Mattias jeta un coup d’œil à l’anneau et hocha légèrement sa tête. – Mais que peut-on faire ?

– Rien sans preuves, mais oublions cela. Tu veux prendre un café ?

– Ben, le café devant le musée de Nobel est toujours là ?

Jonas hocha sa tête et regarda les derniers rayons de soleil. – Oui, on y va.

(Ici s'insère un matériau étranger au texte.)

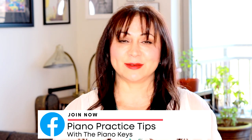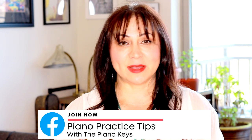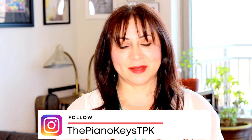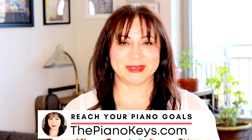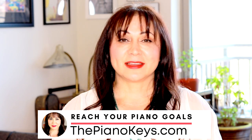That's it for now. Let me know if you have any questions, click the thumbs up if you enjoyed this video, and share it with somebody who might appreciate it. If you want to support the work that I do and my channel, I do have a PayPal link below, lots of links below this video. You can join my private Facebook group, Piano Practice Tips with the Piano Keys. I have a Facebook page, I post to Instagram at the Piano Keys TPK, and my website ThePianoKeys.com has a million ways to help you get better at piano and enjoy it more. Keep practicing, have fun, and I will see you soon. Bye!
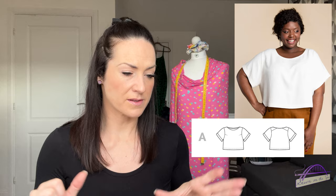I'm going to be making view A — just the simple cropped boxy tee with slightly dropped shoulders and little cuffs. The fabric I want to use for my final version is this gorgeous Lady McElroy cotton lawn that I got at the Knitting and Stitching Show as a remnant — about 1.1 metres, which I think will be sufficient, and I got it for only £12. It's this cool girls print and I think because the Cielo top is quite simple with not a lot of seam lines, it will work really well without breaking the pattern up. It's not a precious fabric, but I only have a small amount, so I am going to make a toile first.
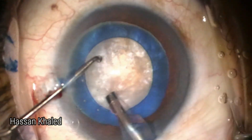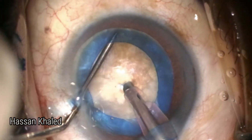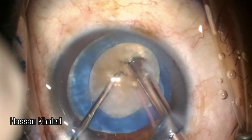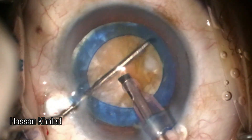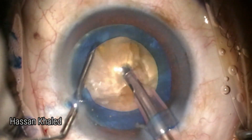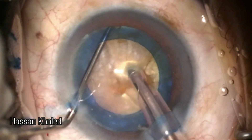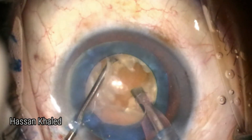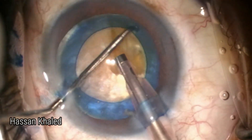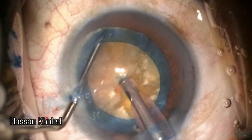Here is the emulsification of this cataract. Look at that density — it's a brown dense nucleus. You can see the elasticity and the strength of the rim of the anterior capsulorrhexis, which is very strong and elastic, helping the surgeon in introducing instruments. You can see the chopper going while chopping this dense nucleus, using the horizontal chop technique.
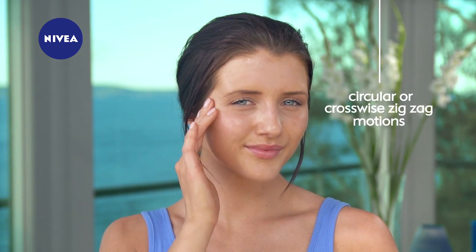Try to pull the cheeks up — this will prevent wrinkles and the sagging of your face oval. As for the forehead, use gentle circular or crosswise zigzag motions to keep the wrinkles at bay.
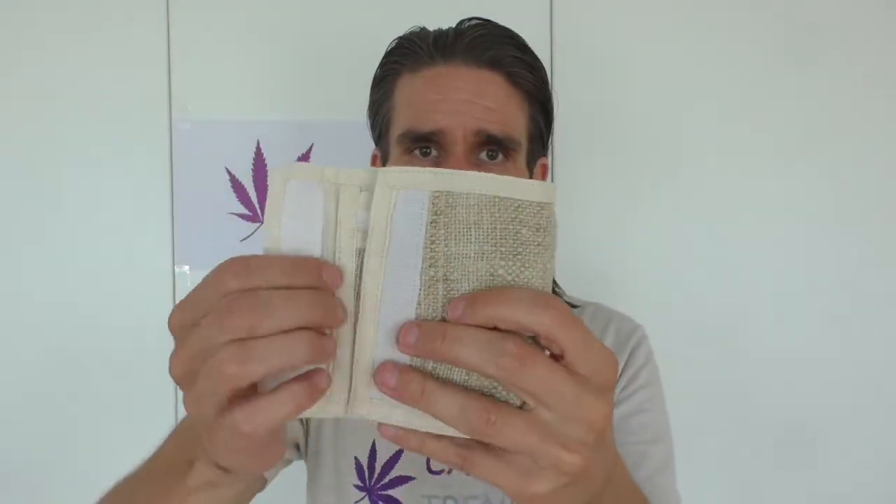This wallet measures 10 centimeters long and 30 centimeters wide. It's a raw natural product which is 100% vegan. Of course you can wash it, you can reuse it, and it's really long lasting, so you will have fun with this product for a long time.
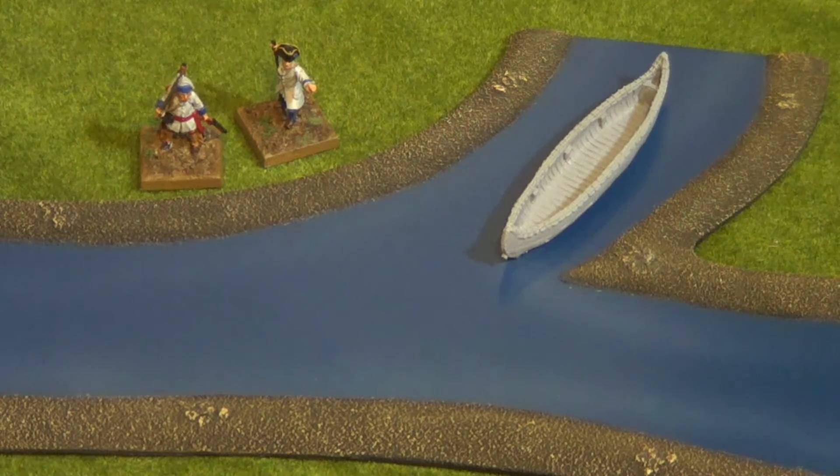Although the Battlefield in a Box, as I understand, is primarily designed for Flames of War and many of those products are marketed specifically for it, I do think in this instance with the rivers that they work quite well for 28mm with these figures.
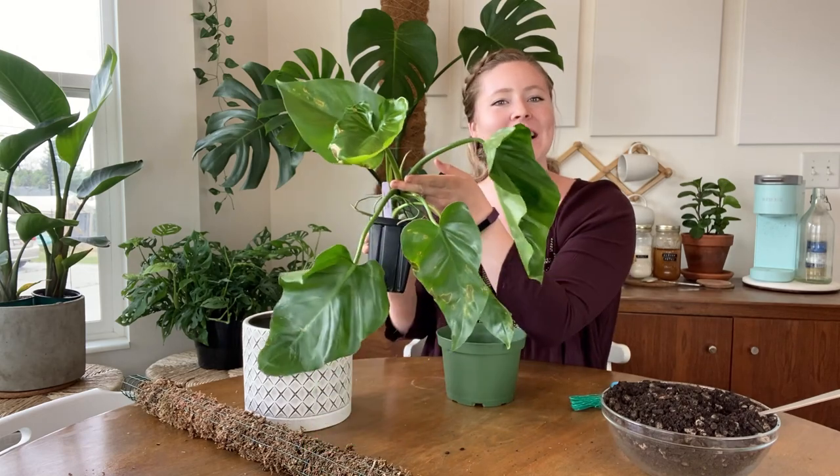Hey guys, it's Kenna. Welcome back to my YouTube channel. Today we are repotting this philodendron giganteum.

Jonas qui habitait à l’île sud dans les quartiers de Maria plaça la valise au coffre et ils montèrent dans la voiture, une Volvo V40, ils allaient à la vieille ville et Jonas trouvait une place devant le palais royal de Stockholm, ils descendirent de la voiture et la brise de la mer Baltique caressa les joues de Mattias, un froid pénétrant, le froid à Östersund était au moins supportable. En arrivant à la grande place, devant les quatre-vingt-six pierres blanches qui témoignèrent des quatre-vingt-six hommes tué par le roi danois et le musée de Nobel sur la droite, les stands de Noël y étaient, vides, mais les fêtes de Noël s’approchèrent. Ils traversèrent la place et entrèrent au café, il fut noir dehors et les lanternes allumèrent la place. Le café qui était un ancien café qui gardait le style de l’ère de Gustav Wasa était le même constata Mattias en souriant. Ils y restèrent une heure en parlant de leurs vies, puis ils partirent et Jonas conduisait son ami chez lui, il avait préparé la chambre de son fils, qui étudiait à Paris, à la Sorbonne. Mattias et Jonas burent un whisky, un nouveau de Suède, puis Mattias s’allait dormir dans la chambre de John; le fils de son ami, les planches de Queen étaient toujours là. Il s’endormit en regardant l’écluse.